Planning Robot Placement for Object Grasping
Manish Saini, Melvin Paul Jacob, Minh Nguyen, Nico Hochgeschwender

TL;DR
This paper introduces a novel robot placement planning method for object grasping that prioritizes collision-free and feasible positions before evaluating their effectiveness, improving grasp success in complex environments.
Contribution
The paper presents a new approach that finds feasible robot placements based on environmental data and reachability, reducing reliance on costly grasp planners and enhancing grasp success.
Findings
The approach enables grasping from challenging locations.
Experimental results outperform a fixed navigation baseline.

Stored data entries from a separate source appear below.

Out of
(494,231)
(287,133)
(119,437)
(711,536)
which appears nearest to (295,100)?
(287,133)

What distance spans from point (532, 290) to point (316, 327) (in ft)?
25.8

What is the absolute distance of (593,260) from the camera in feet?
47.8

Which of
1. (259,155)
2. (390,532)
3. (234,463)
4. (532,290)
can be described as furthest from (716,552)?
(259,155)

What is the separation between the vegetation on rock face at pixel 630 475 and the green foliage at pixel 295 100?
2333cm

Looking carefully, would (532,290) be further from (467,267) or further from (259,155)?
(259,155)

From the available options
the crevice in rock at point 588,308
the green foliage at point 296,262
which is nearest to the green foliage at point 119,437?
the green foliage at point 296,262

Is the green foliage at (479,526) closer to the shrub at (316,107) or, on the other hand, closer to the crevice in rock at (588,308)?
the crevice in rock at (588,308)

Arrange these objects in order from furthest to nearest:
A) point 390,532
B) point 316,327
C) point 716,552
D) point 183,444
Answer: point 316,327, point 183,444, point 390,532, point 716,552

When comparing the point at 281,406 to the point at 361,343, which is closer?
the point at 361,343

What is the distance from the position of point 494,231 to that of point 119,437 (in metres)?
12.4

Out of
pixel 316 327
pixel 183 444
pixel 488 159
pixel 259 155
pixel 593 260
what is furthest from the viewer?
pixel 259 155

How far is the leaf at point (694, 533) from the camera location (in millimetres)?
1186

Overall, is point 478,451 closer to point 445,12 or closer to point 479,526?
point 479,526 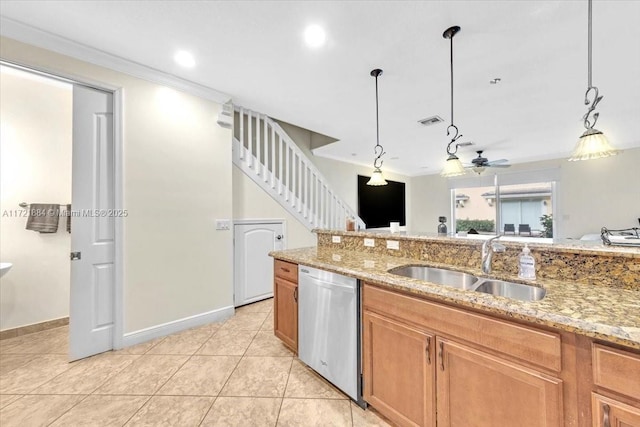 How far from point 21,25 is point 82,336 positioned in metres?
2.44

The method effectively integrates environmental perception and reachability.
Abstract
When performing manipulation-based activities such as picking objects, a mobile robot needs to position its base at a location that supports successful execution. To address this problem, prominent approaches typically rely on costly grasp planners to provide grasp poses for a target object, which are then are then analysed to identify the best robot placements for achieving each grasp pose. In this paper, we propose instead to first find robot placements that would not result in collision with the environment and from where picking up the object is feasible, then evaluate them to find the best placement candidate. Our approach takes into account the robot's reachability, as well as RGB-D images and occupancy grid maps of the environment for identifying suitable robot poses. The proposed algorithm is embedded in a service robotic workflow, in which a person points to select the target…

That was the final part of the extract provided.